-- TASK PROMPT --
Copy out exactly the lines spanning the line with "CO-316- Cadena Calabrote" to the line with "Condition photo showing", inclusive, from the data underneath, with no pictures.

DATA PROVIDED section start

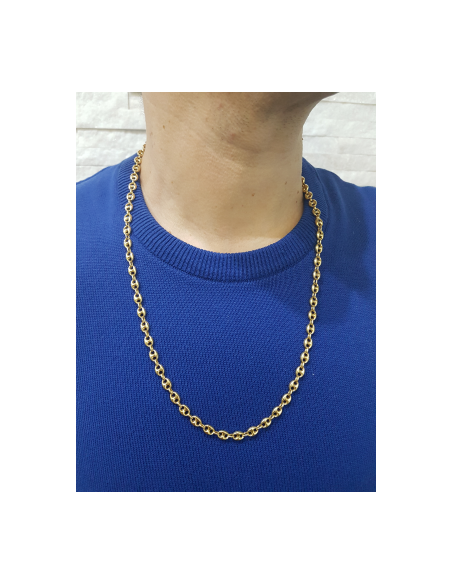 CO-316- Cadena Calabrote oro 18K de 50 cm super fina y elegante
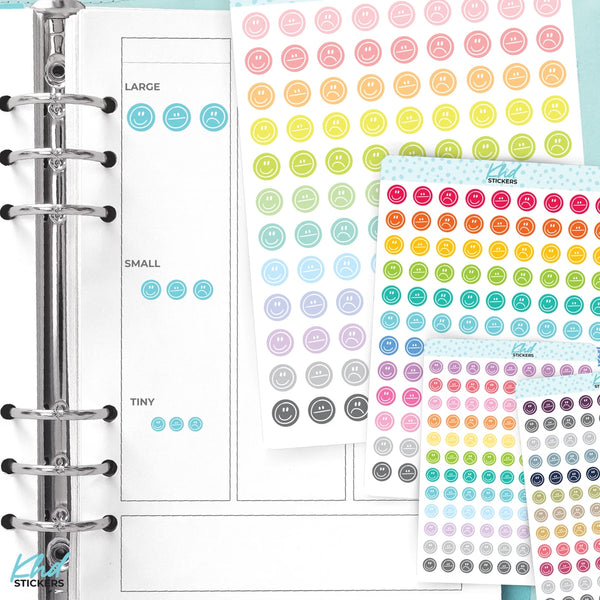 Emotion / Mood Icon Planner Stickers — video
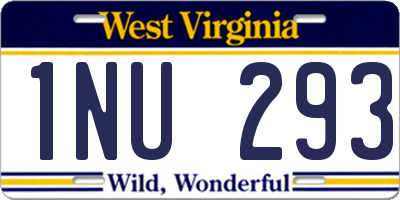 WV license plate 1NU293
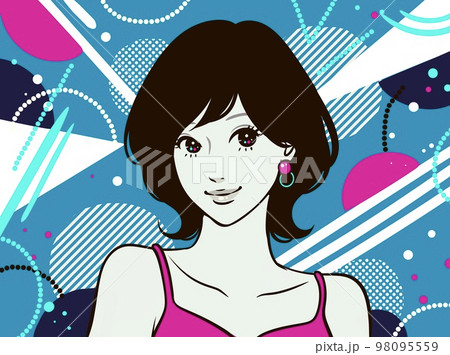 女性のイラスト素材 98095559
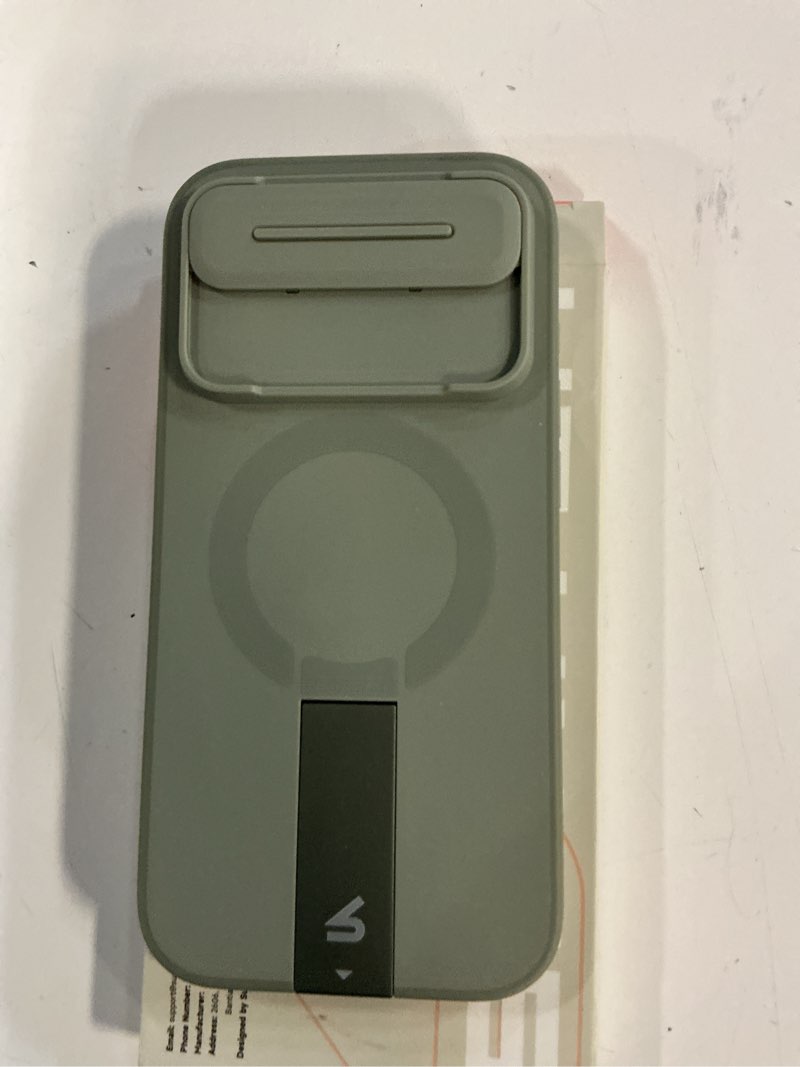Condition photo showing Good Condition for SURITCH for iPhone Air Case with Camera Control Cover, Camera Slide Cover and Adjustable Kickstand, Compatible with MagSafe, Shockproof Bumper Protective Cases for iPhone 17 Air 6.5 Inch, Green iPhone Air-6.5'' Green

DATA PROVIDED section end
DATA PROVIDED section start

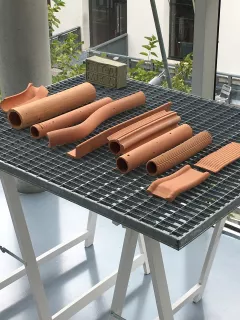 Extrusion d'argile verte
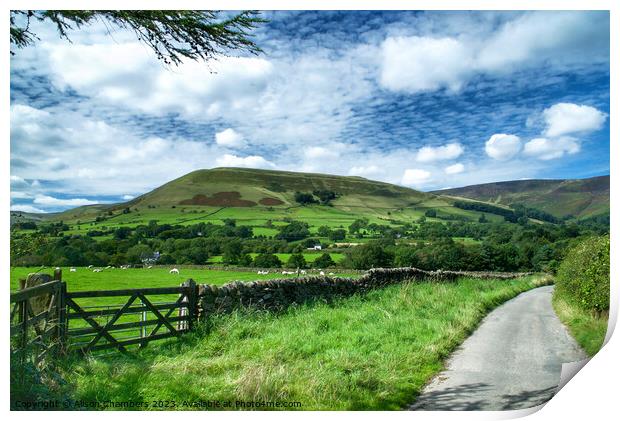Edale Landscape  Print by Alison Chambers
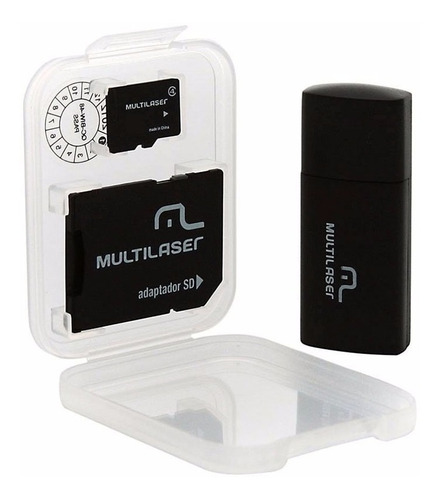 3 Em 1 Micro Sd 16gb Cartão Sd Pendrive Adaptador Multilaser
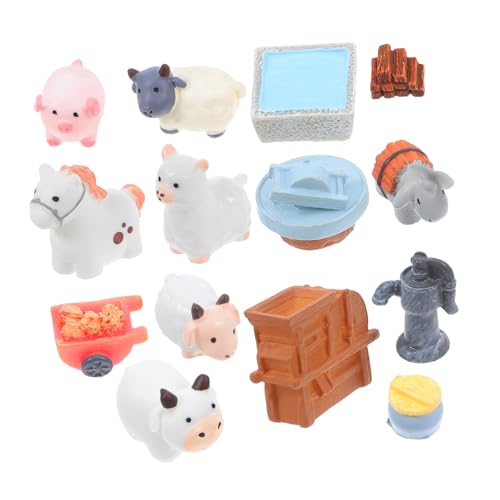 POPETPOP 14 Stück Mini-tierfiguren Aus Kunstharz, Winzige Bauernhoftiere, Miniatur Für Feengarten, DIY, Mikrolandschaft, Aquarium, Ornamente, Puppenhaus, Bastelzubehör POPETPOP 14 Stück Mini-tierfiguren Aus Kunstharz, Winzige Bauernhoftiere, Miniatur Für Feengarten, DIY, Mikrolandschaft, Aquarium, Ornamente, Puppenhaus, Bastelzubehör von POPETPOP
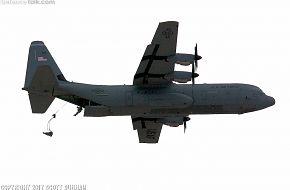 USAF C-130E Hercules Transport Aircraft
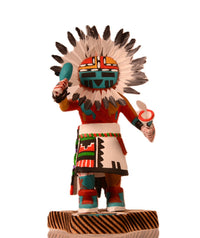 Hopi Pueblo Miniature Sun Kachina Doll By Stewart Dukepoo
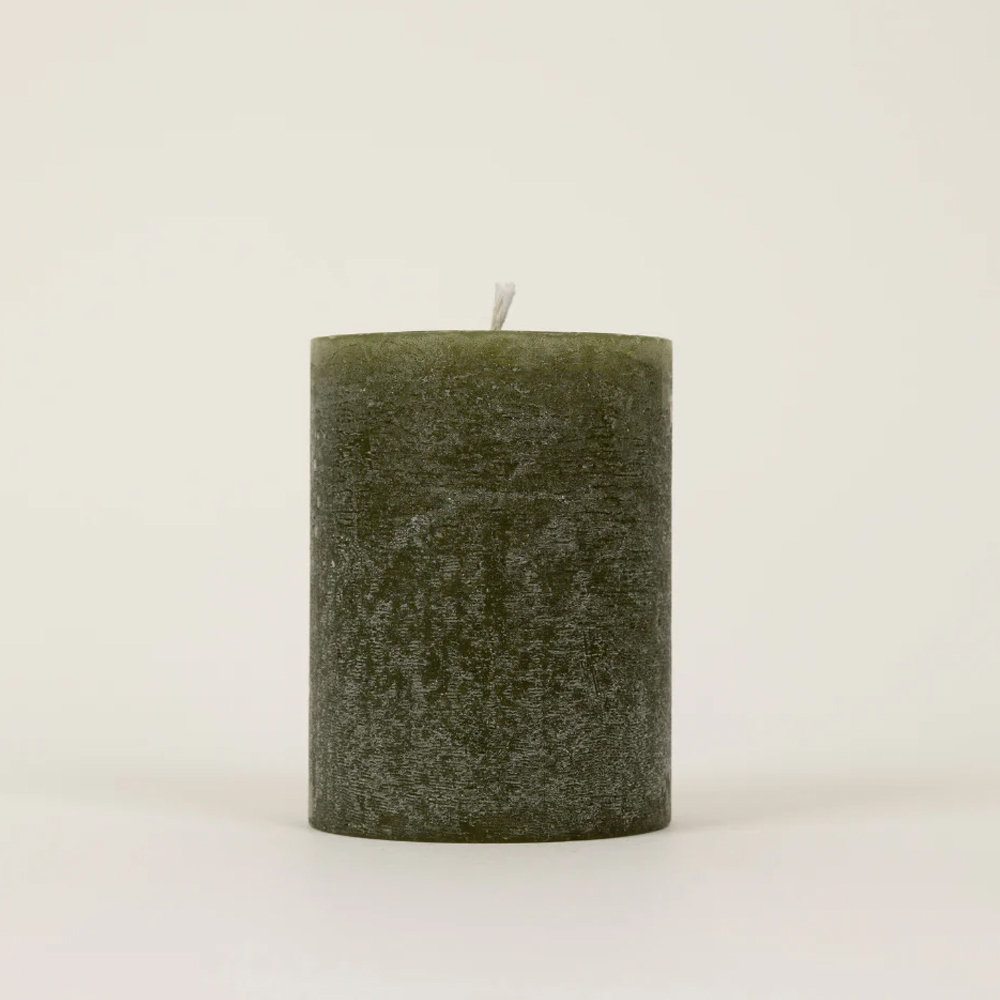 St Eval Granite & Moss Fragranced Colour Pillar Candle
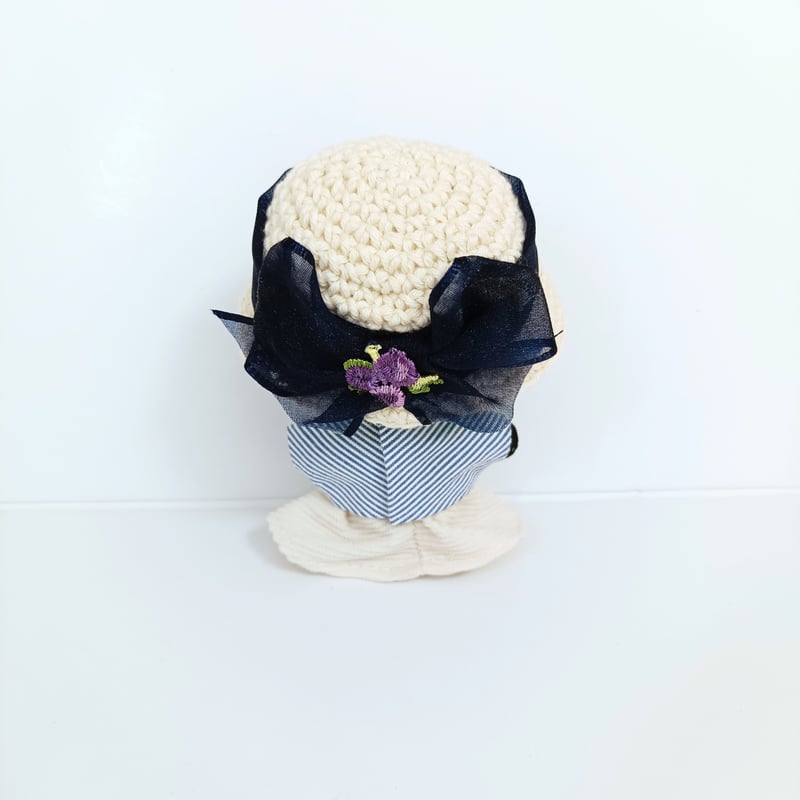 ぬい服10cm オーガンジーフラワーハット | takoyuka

DATA PROVIDED section end
DATA PROVIDED section start

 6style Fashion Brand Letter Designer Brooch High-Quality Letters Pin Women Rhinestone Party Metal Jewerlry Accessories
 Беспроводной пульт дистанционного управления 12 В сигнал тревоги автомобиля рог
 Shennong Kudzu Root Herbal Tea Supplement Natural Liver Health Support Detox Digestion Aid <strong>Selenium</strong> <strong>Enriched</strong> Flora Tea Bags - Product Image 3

DATA PROVIDED section end

-- EXERCISE OUTPUT --
 CO-316- Cadena Calabrote oro 18K de 50 cm super fina y elegante
 Emotion / Mood Icon Planner Stickers — video
 WV license plate 1NU293
 女性のイラスト素材 98095559
Condition photo showing Good Condition for SURITCH for iPhone Air Case with Camera Control Cover, Camera Slide Cover and Adjustable Kickstand, Compatible with MagSafe, Shockproof Bumper Protective Cases for iPhone 17 Air 6.5 Inch, Green iPhone Air-6.5'' Green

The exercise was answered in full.